Maine voters are weighing in Tuesday on a 145-mile conduit for Canadian hydropower that’s billed as either a bold step in battling climate change or an unnecessary destruction of woodlands.
More than $66 million was spent on the battle over the $1 billion project ahead of the referendum on Tuesday. But the statewide vote won’t be the final word. Litigation over the project will continue long after the votes are counted.
Funded by Massachusetts ratepayers, the New England Clean Energy Connect would supply up to 1,200 megawatts of Canadian hydropower to the New England power grid.
The project would remove carbon from the atmosphere and stabilize electricity rates across the entire region while helping Massachusetts reach its clean energy goals, supporters said.
More on the project
Critics contended the environmental benefits are overstated, and that it would forever change the forestland.

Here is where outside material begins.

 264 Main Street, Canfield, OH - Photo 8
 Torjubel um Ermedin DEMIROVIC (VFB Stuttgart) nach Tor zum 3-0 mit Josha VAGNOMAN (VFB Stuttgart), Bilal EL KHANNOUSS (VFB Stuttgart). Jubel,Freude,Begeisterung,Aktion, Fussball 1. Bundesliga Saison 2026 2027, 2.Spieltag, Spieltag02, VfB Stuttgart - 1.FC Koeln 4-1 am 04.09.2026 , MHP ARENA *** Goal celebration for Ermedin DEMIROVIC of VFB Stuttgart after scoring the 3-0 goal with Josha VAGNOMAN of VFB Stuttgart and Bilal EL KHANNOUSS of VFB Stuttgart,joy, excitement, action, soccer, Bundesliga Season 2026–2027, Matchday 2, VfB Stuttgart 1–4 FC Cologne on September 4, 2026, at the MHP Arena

It was the most expensive referendum in Maine history with more than $66 million spent on the battle this year. Critics of the referendum said it was bad public policy to retroactively vote down a project that already was approved by multiple state and federal agencies.
Three-quarters of trees already have been removed for the project, which calls for a transmission line that mostly follows existing utility corridors. But a new section needed to be cut through 53 miles (85 kilometers) of woods to reach the Canadian border.
The project has divided the environmental community and made for strange political bedfellows with some owners of fossil fuel-powered plants aligning themselves with environmental opponents.
The political parties also were divided with some Republicans and Democrats opposing it while current Democratic Gov. Janet Mills and former Republican Gov. Paul LePage both support the project.
Regardless of Tuesday's outcome, debate on the issue could continue in court well beyond Election Day.
"We don't necessarily expect this to be over. This is the chance for Mainers to weigh in," said Cara Sacks, volunteer coordinator for a group called No CMP Corridor.
"We'll make a decision in the coming days as to what's next," said Adrienne Bennett, spokesperson for a pro-corridor group called Mainers for Fair Laws.